Two paragraphs from The New York Times capture the conundrum that is the U.S.’s current policy in Egypt, a policy advocated by realist foreign policy experts. The first quotes an Egyptian with dual citizenship:
“I brought my American passport today in case I die today,” said Marwan Mossaad, 33, a graduate student of architecture with dual Egyptian-American citizenship. “I want the American people to know that they are supporting one of the most oppressive regimes in the world and Americans are also dying for it.”
The second refers to a report in Haaretz, an Israeli daily:
Jerusalem was also reported to have called on the United States and a number of European countries over the weekend to mute criticism of Mr. Mubarak to preserve stability in the region, the Israeli daily Haaretz reported.

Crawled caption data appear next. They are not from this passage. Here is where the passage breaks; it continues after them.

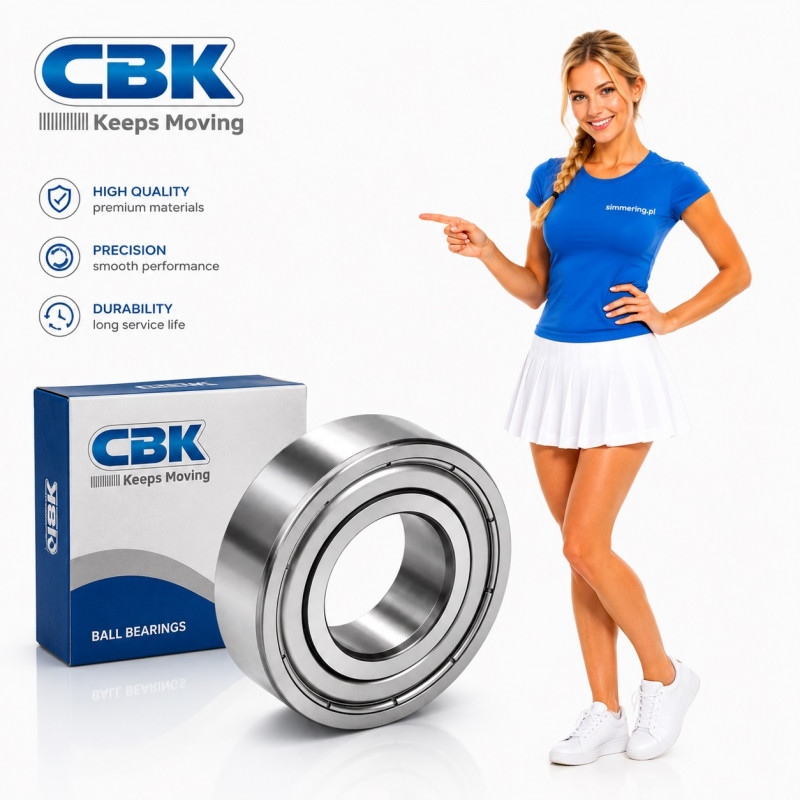 Łożysko kulkowe 6204 ZZ CBK 20x47x14 mm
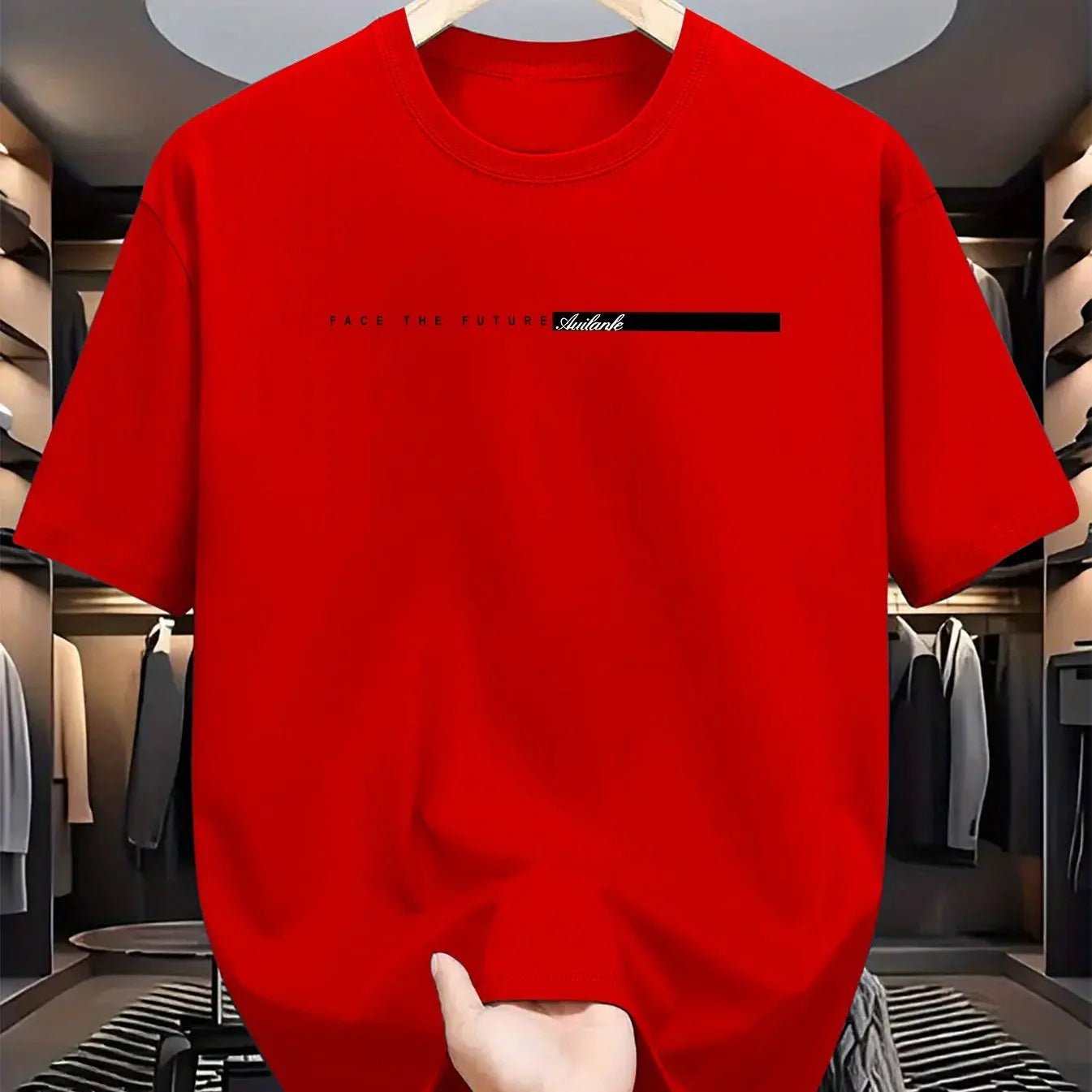 Men's 100% Cotton Letter Print T-Shirt | Soft Breathable Fabric in a Relaxed Loose Fit | Bold High Street Style for All Seasons | Sizes XS–XXL - Holcart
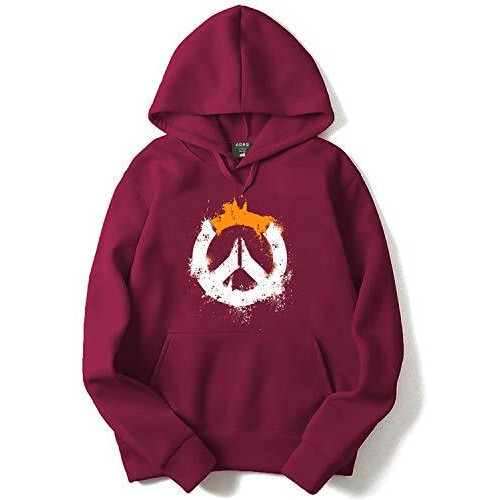 Adro Men's Cotton Neck Hooded Sweatshirt (H20-M-Pc-Mr_Maroon_L)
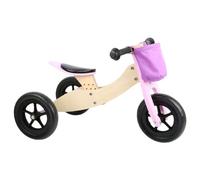 small foot Draisienne et Tricycle Maxi Rose, en Bois Rose, Tricycle et draisienne, siège réglable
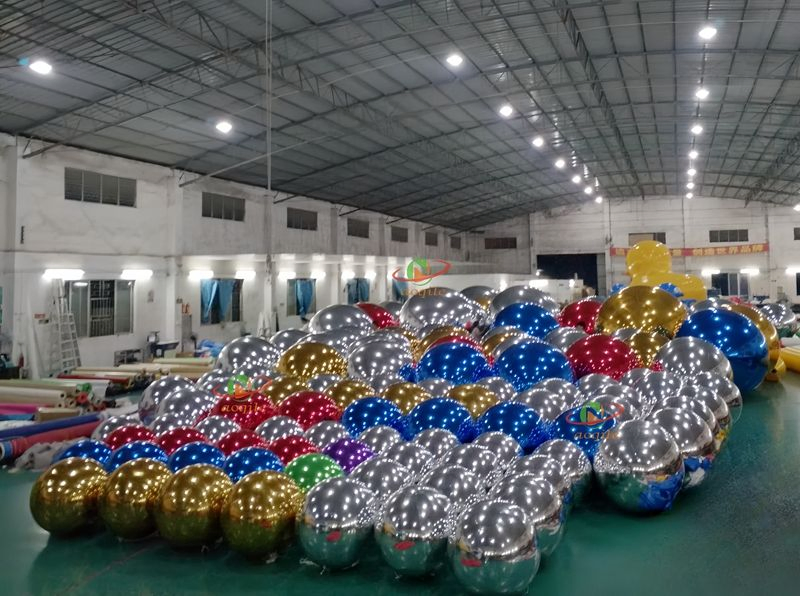 Wedding Stage Decoration Large Giant Laser Inflatable Mirror Ball Disco Inflatable Mirror Ballinred Blue Gold Green Black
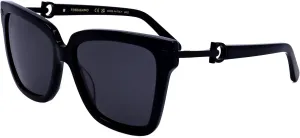 Солнцезащитные очки FERRAGAMO SF1085SN 001 ЧЕРНЫЕ 57/16/140 ЖЕНСКИЕ Salvatore Ferragamo, Black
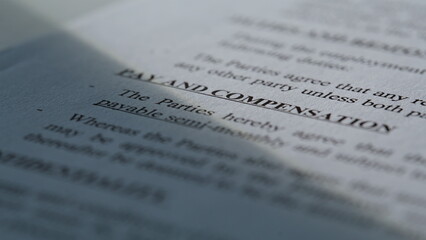 Detailed look contract terms notice clearance. Pay and compensation conditions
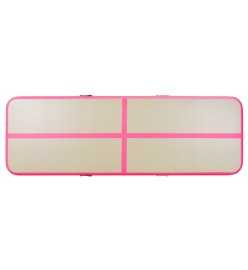 Tapis gonflable de gymnastique avec pompe 700x100x10cm PVC Rose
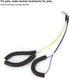 Oumefar Adjustable Pet Grooming Leash - No-Sit Haunch Holder Restraint for Dogs Cats Grooming Table Arm (Yellow+Blue)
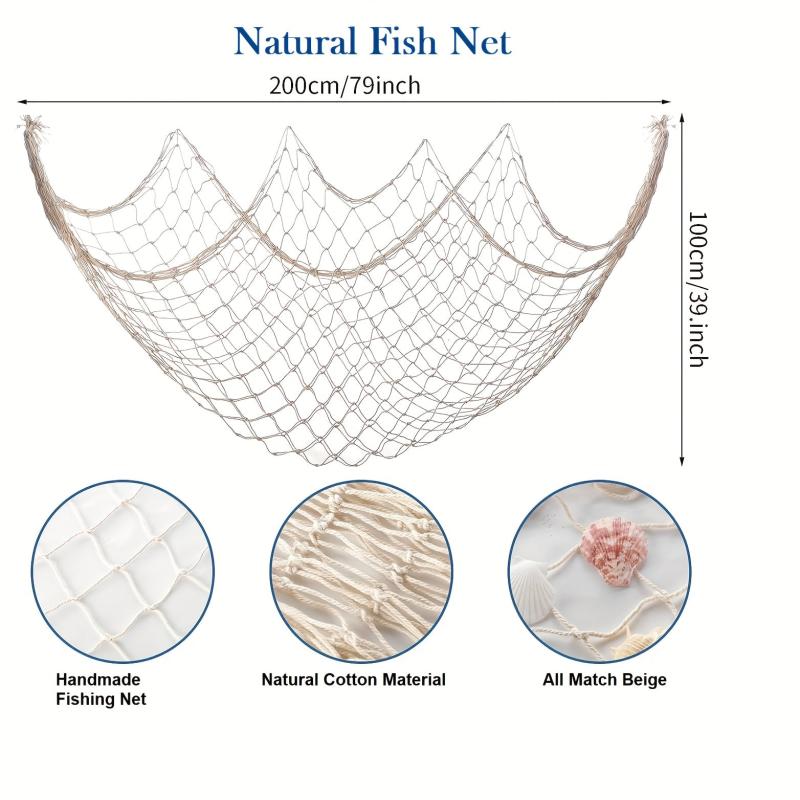 Fish Net Party Decorations For Pirate Hawaiian Mermaid Nautical Themed Party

The Times follows that with a rejoinder from a unnamed Israeli official, a rejoinder that essentially–though maybe unintentionally–supported the Haaretz report:
But an Israeli government official, speaking on condition of anonymity following diplomatic protocol, said that the Haaretz report did not reflect the position of the prime minister, Benjamin Netanyahu. Mr. Netanyahu spoke cautiously in his first public remarks on the situation in Egypt, telling his cabinet that the Israeli government’s efforts were “designed to continue and maintain stability and security in our region.”
“I remind you that the peace between Israel and Egypt has endured for over three decades, and our goal is to ensure that these relations continue,” the prime minister said on Sunday as Egypt’s powerful Muslim Brotherhood and the secular opposition united around a prominent government critic in hopes of negotiating with the Army for Mr. Mubarak’s departure.
And there you have it: The U.S. has been supporting a very oppressive regime, and that regime is supposedly essential to stability in the region. My question for the realists is and always has been: In the long run, is supporting oppressive regimes in the pursuit of stability the best way to achieve stability? I think not; to wit: the Philippines (Marcos), Iran (the Shah), Iraq (Saddam), and now Egypt (Mubarak)–and that’s just off the top of my head.
There is no long-term stability without freedom, and there is no freedom without democracy. The people must be sovereign.